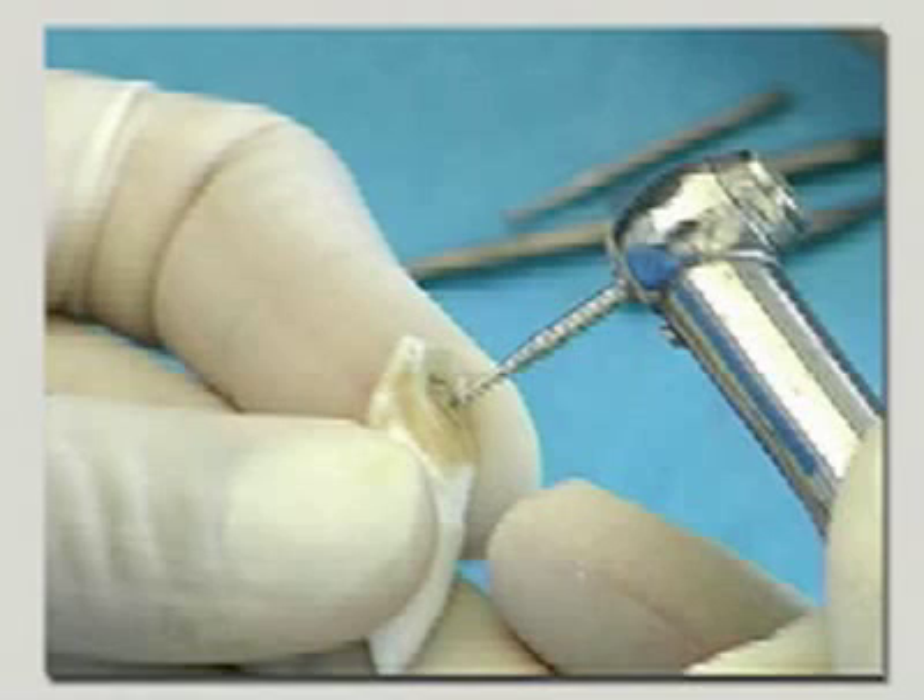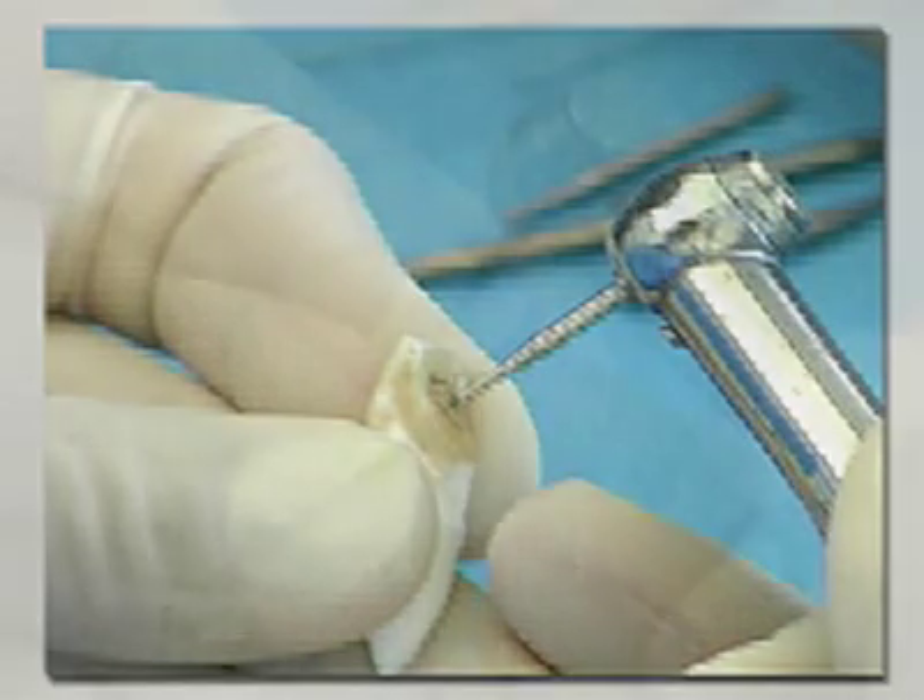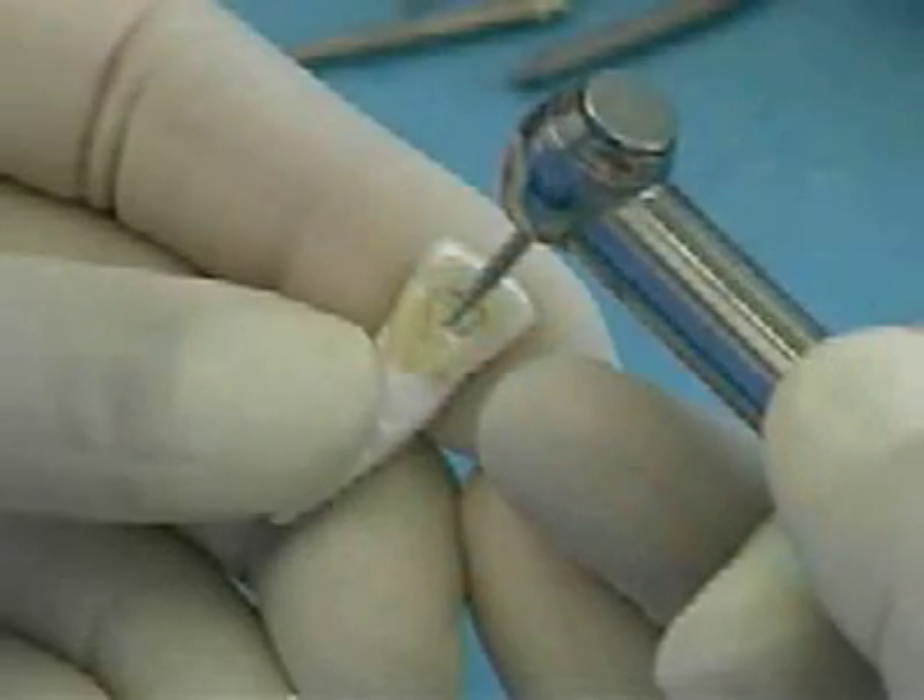Using a high-speed fissure burr or round burr held perpendicular to the lingual surface, cut just through the enamel in the center of the pencil-marked area. Do not force the burr.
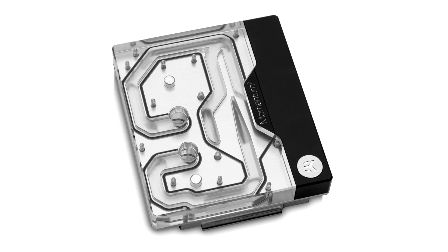The base of the monoblock is made of nickel-plated electrolytic copper, while the top is made of quality cast acrylic material. The nickel-plated brass screws and standoffs are pre-installed and allow for easy installation.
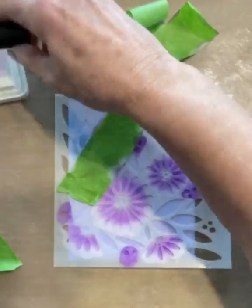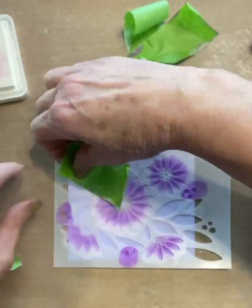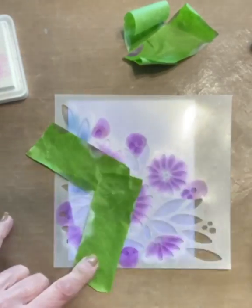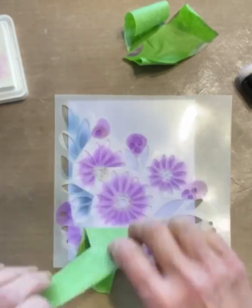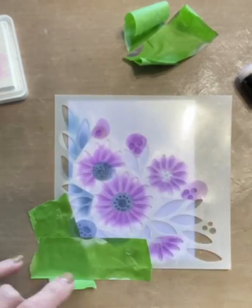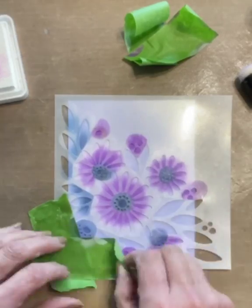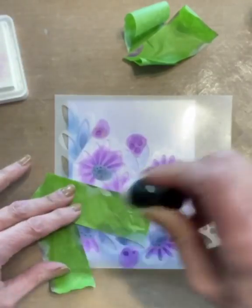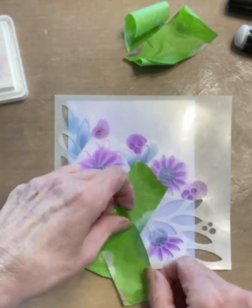I'm ready to start stenciling both the leaves and the flower centers, using Chipped Sapphire for these areas. For the leaves I begin at the base as I did with the flower petals — Chipped Sapphire is applied about two-thirds of the way up, then the tip of the leaf is finished with Unicorn White ink. Chipped Sapphire is applied again with a very light hand to blend the blue into the white. To ink the flower centers I line up the dauber to the center and press it down.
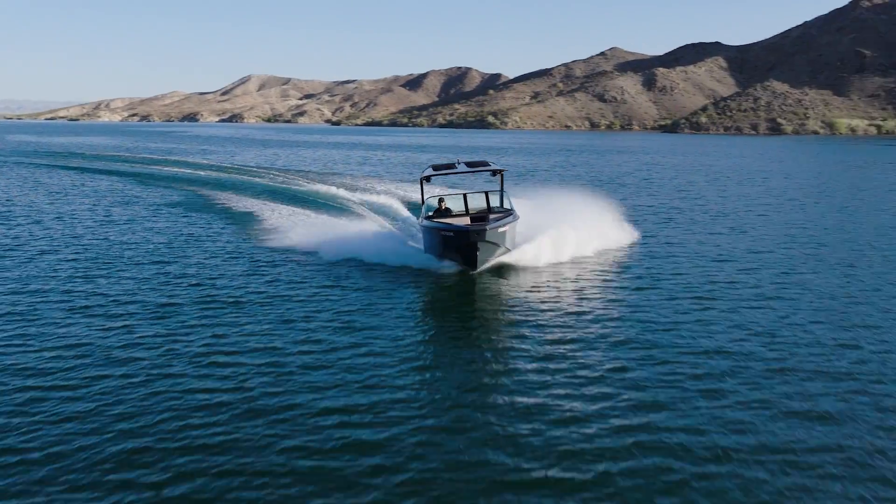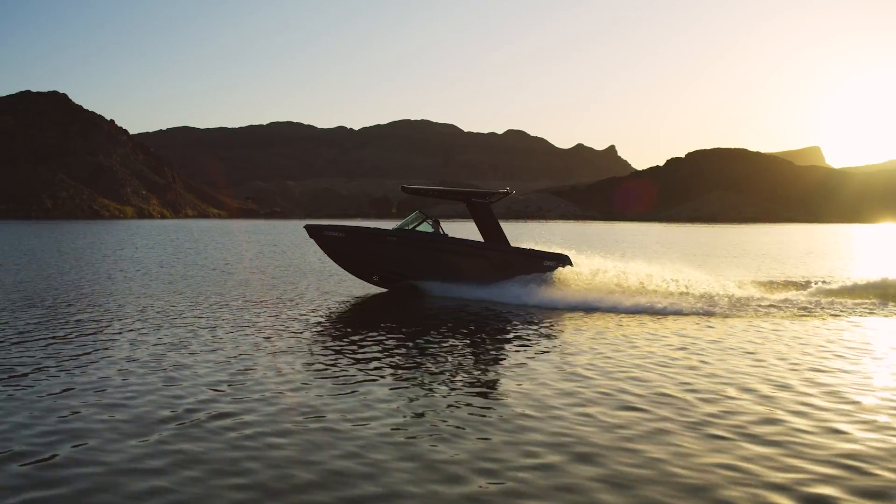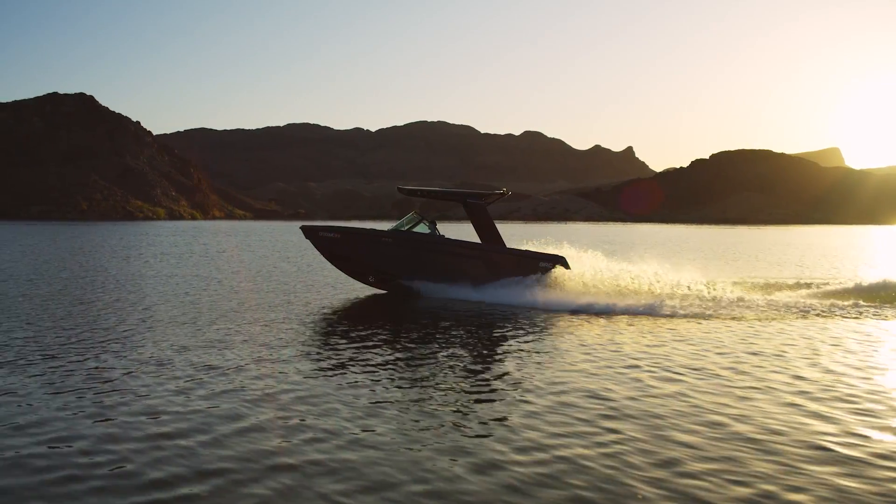This is a sport boat, a water sport boat. People take their water sports very seriously, and some of the most exciting engineering we did on this vehicle was...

#### Problem:
Your output must consist only of the lines from the line with "I'm ready to" through the final line of the data, both included, reproduced exactly and free of pictures.

#### Response:
I'm ready to start stenciling both the leaves and the flower centers, using Chipped Sapphire for these areas. For the leaves I begin at the base as I did with the flower petals — Chipped Sapphire is applied about two-thirds of the way up, then the tip of the leaf is finished with Unicorn White ink. Chipped Sapphire is applied again with a very light hand to blend the blue into the white. To ink the flower centers I line up the dauber to the center and press it down.
This is a sport boat, a water sport boat. People take their water sports very seriously, and some of the most exciting engineering we did on this vehicle was...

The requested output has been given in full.